Martinis & Markers: Messy Art of Avoiding Gossip CultureMegan Jordan
“I heard about it from Cindy Lou, the new mom from Texas. Do you know her?”
“She’s everywhere! Didn’t you meet her at the Cocktails & Canvases party last week?”
(her, scrunching her eyebrows) “Wait. I think it was at the Sip ‘n Stroke party.”
(me, fighting a smile) “Are you sure it wasn’t at the Martinis & Markers party?”
“No! Who throws that?!”
The above is a transcript mash-up, based on a few conversations I’ve had with other parents so far this school year. These conversations begin with gossip delivered in my direction and end with a blank look, pursed lips, thoughtful staring into space, and then a nod of approval at my disinterest.
I am not interested in gossip. Not online, not down the street, not in a house, not with a mouse.
Gossip utterly saps my energy. Gossip fractures my focus. Gossip poisons my heart. More than anything, it is a waste of my time.
A high school friend moved back to our hometown recently and was surprised at how many of us had, in fact, moved back. She had loads of questions about everyone but was met with a shrug and a patient smile from me at each inquiry. I knew these old friends were around, however after a few attempts at reconnecting, I had already given up the ghost. What killed my interest each time? Gossip.
Two months of wading through the swamps of old friendships later, she called me and sighed, “You know what you are doing. This isn’t worth it.” No, no it’s not.
I understand the benefit of friendship. I’m full up with friendship and I’m willing to grow more space in my little heart to make room for more of the sparkly old stuff. But I also understand cost-benefit analysis of relationships. If you are bringing little more than drama to this mama, I am going to determine that our friendship is costing more in energy and heart-space than it is worth. Particularly if that drama isn’t even your own. Wow, I really don’t have time for third-hand drama.
Will I be more interested in gossiping over clotted canvases once my kids are out of elementary school? Is it because my children are all still so young and distract me enough as it is? Am I just dead inside?! Worse, am I boring?!
Explain the benefit of toxic friendships to me. I admit, I am a fan of “keep your friends close and your enemies closer” and I also understand sticking with your friends through tough times when they can’t seem to shake a funk, however I don’t think that applies here. So what does? What makes us endure friendships that skew negative?

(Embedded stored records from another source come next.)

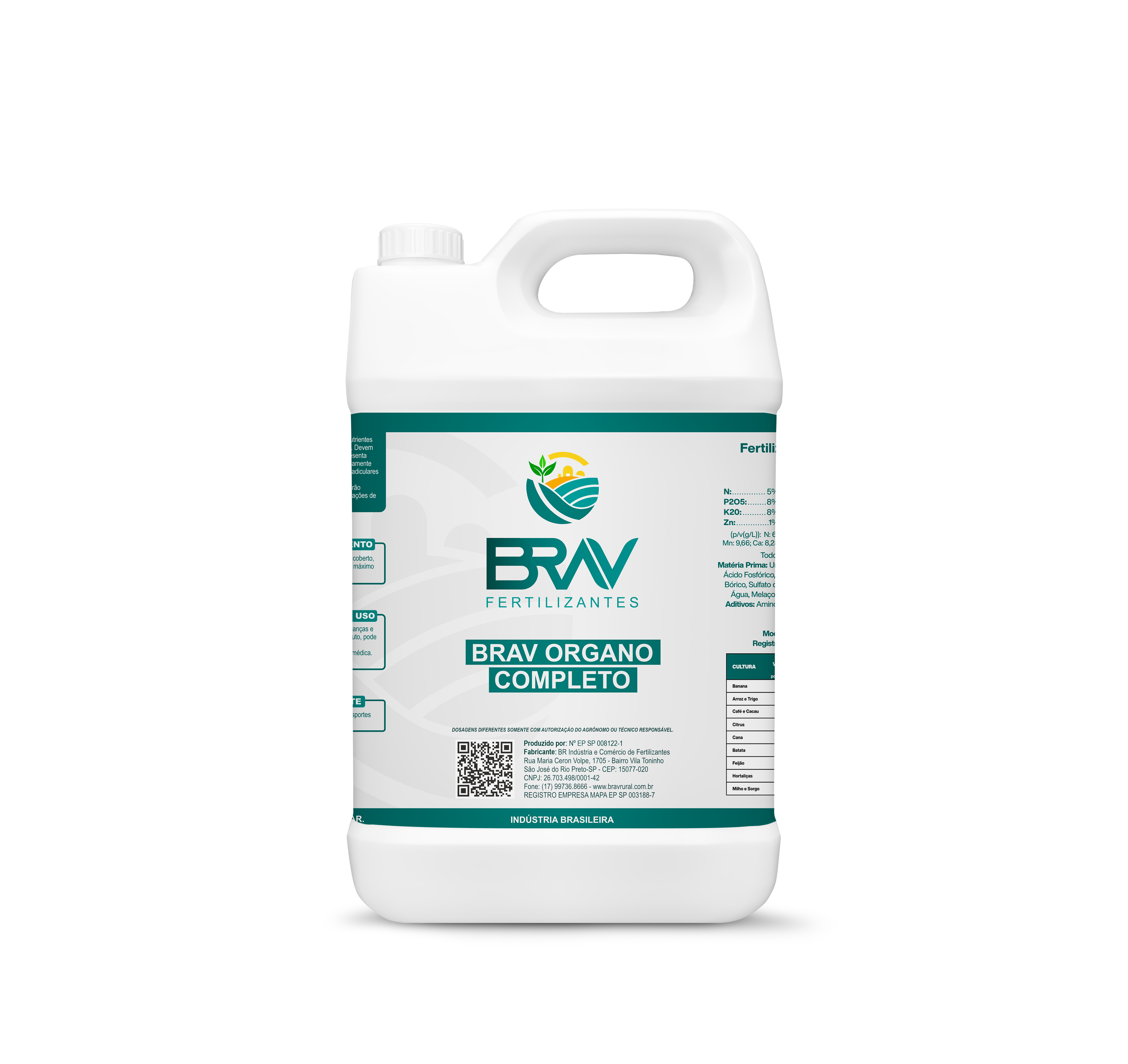 BRAV ORGANO COMPLETO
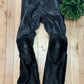 Kadoya ‘K’s Leather’ Panelled Motorcycle Armoured Pants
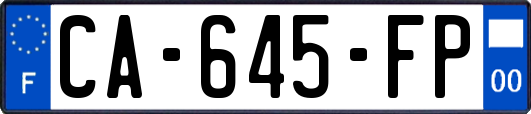CA-645-FP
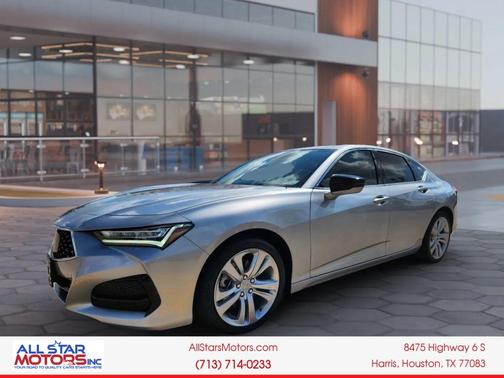 2022 Acura TLX Technology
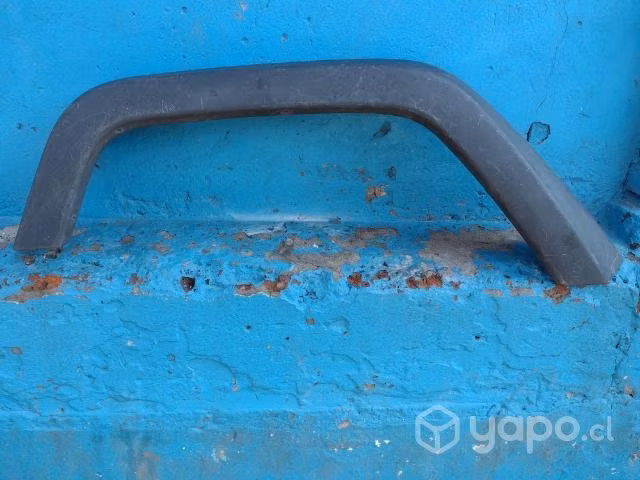 Moldura trasera der Jeep Wrangler 2008-2016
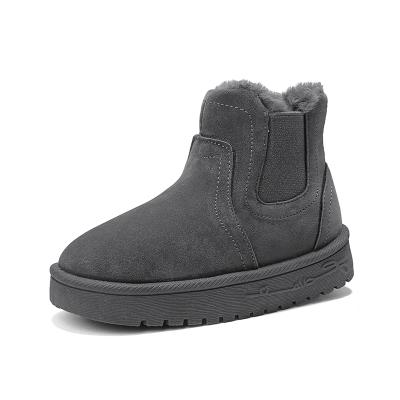 China Insulative New Arrivals Fashion Comfort Boys Girls Cotton Shoes Custom Warm Winter Snow Boots For Kids for sale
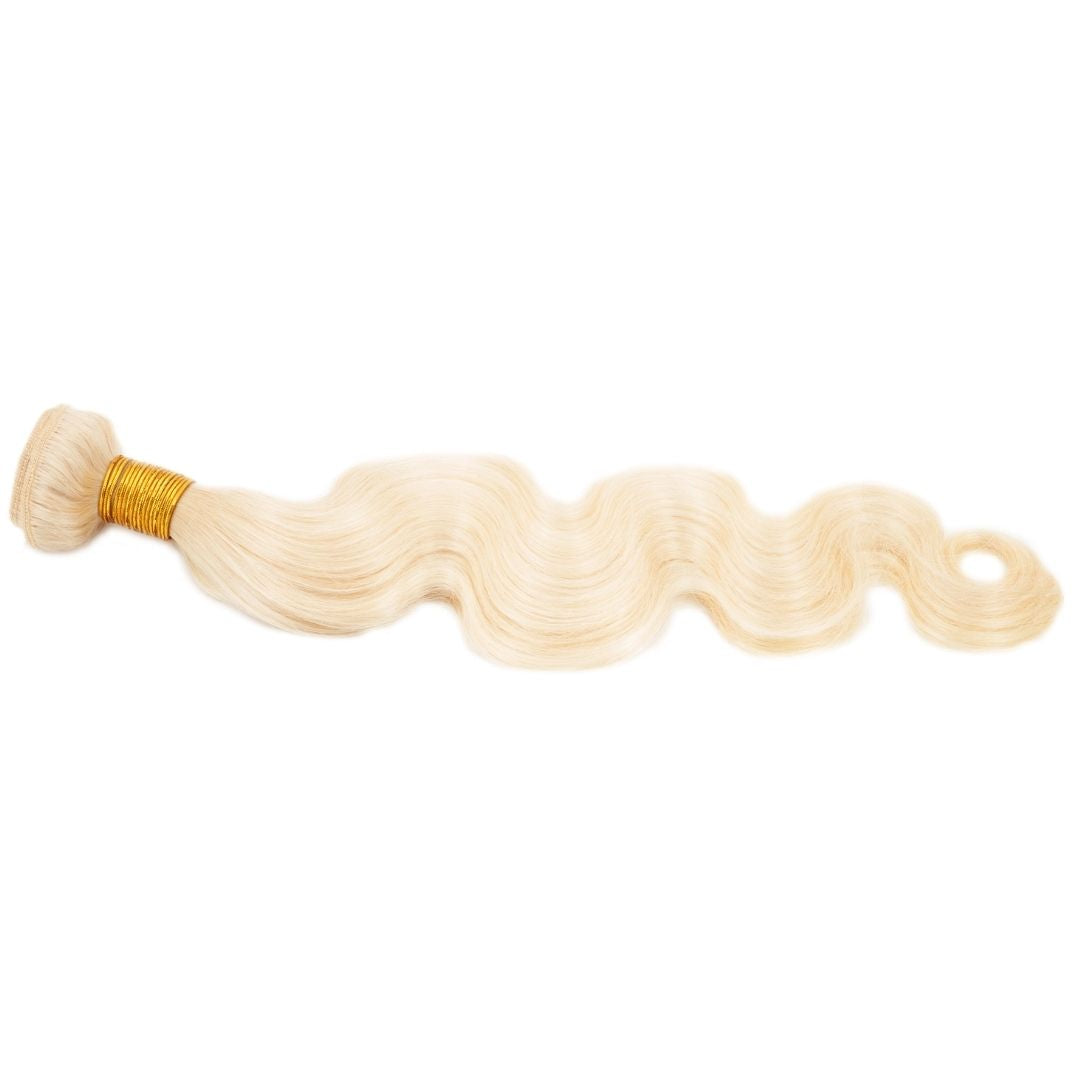 Blonde Body Wave Human Hair Bundles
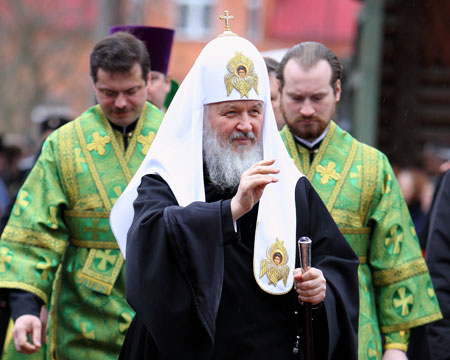 Патриарх РПЦ Кирилл может посетить Украину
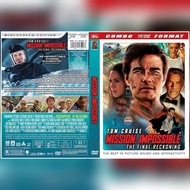 MISSION IMPOSSIBLE THE FINAL RECKONING Movie Cassette - 2025 - HD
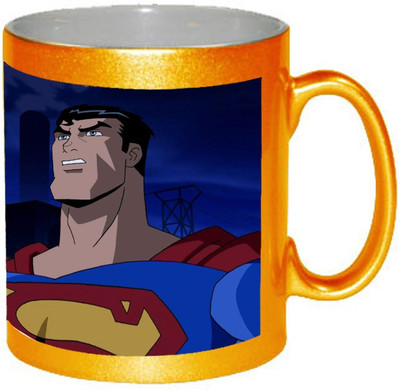 57% OFF on AMY Batman And Super Man Animated Look coffee Ceramic Mug 57% OFF on AMY Batman And Super Man Animated Look coffee Ceramic Mug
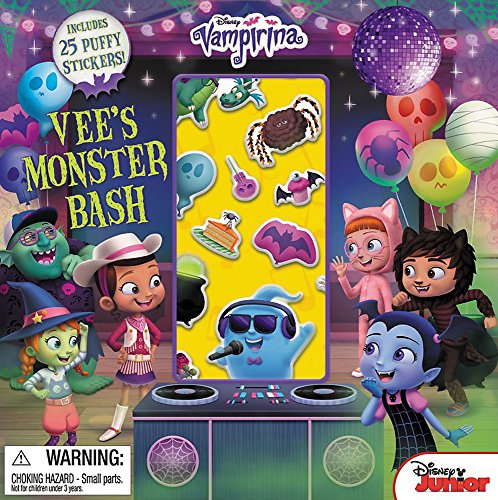 Vampirina Vee's Monster Bash: With Puffy Stickers!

A PR pitch flitted across my desk last week, catching my already interested eye: A recent Today.com and Self.com poll of 18,000 women found that 84% of women polled said they have had “at least one venomous friend who has brought toxicity into the relationship.” I assure you, it did not follow that statement with, “Upon realizing their predicament, that 84% said, ‘Oh, hail no! I don’t have time for this!’ and promptly ended the friendship.”
No, I imagine that 84% went on accepting invitations to Art & Absinthe parties and complained when they returned home that all RubySue wanted to do was moan about Cindy Lou’s new car.
You know she’s rich because she won a settlement over her botched boob job, right?
What do you think? Do you have a toxic friendship? Do you endure the gossip? Do you not mind the gossip?
Is it because of the cocktails? Come on, tell me, it’s because of the cocktails, isn’t it?
*Note: If there is, in fact, an Art & Absinthe party, I would love an invitation. Gossip all you want.